Thursday, January 23, 2014

Asking Kaizen Questions

If you've read my previous material you already know that I'm a big proponent of questioning everything - getting to the "Why?" of what we do. What I've realized lately is that simply asking "Why?", though a good start, is not as effective as asking the right "Why?".

We get better by asking questions and acting on the answers. The better the questions, the better the answers. I'm going to refer to the right kind of "Why?" question as Kaizen questions (full disclosure: I don't know if this is already a thing or not, but a basic Google search tells me it's at least not widely used).

Let me give you an example. One question I get a lot from those resistant to Agile is, "Why should I give up Waterfall?" or "Waterfall's always worked for me; why should I stop?" A slightly more open-minded derivative to this question is, "Why should I try Agile?" If we were to take the Kaizen approach and recognize that perfection is unattainable but improvement is always possible, we would ask, "Why should I continue using Waterfall?" or "What other approaches could I use to deliver quality and value to my customers?"

The Kaizen Question doesn't ask how well the current approach is working because there is an inherent understanding that it could be better. It focuses only on the alternatives to what is currently being done. This type of question is crucial for those adopting Agile to ask themselves as they transition. Otherwise, they risk simply moving from a poor status quo to a better status quo.

If you move to Scrum because you asked yourself, "Why should I try Scrum?" then you are more likely to stick with Scrum and never try something new than if you'd started your journey by asking, "Why should I stick with what I'm currently using?" Do you see the distinction?
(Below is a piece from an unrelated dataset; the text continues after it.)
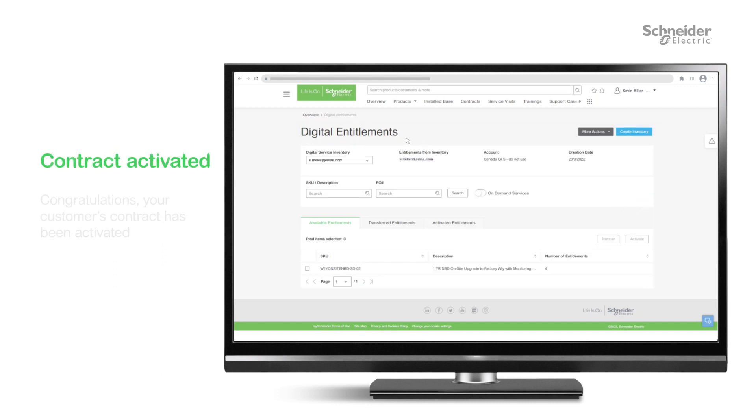Congratulations! Your customer's contract has been activated, and they can take advantage of the EcoCare for single-phase UPS membership.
I would hope that those who try Scrum eventually adopt a Kaizen mindset and continue to evolve regardless of what question originally got them there. Unfortunately, I have seen too many teams move to Scrum, settle in, and fight against later suggestions of Kanban, DevOps, and other emerging practices and processes. The way I see it, any status quo is a bad status quo and should, therefore, always be challenged. What do you think?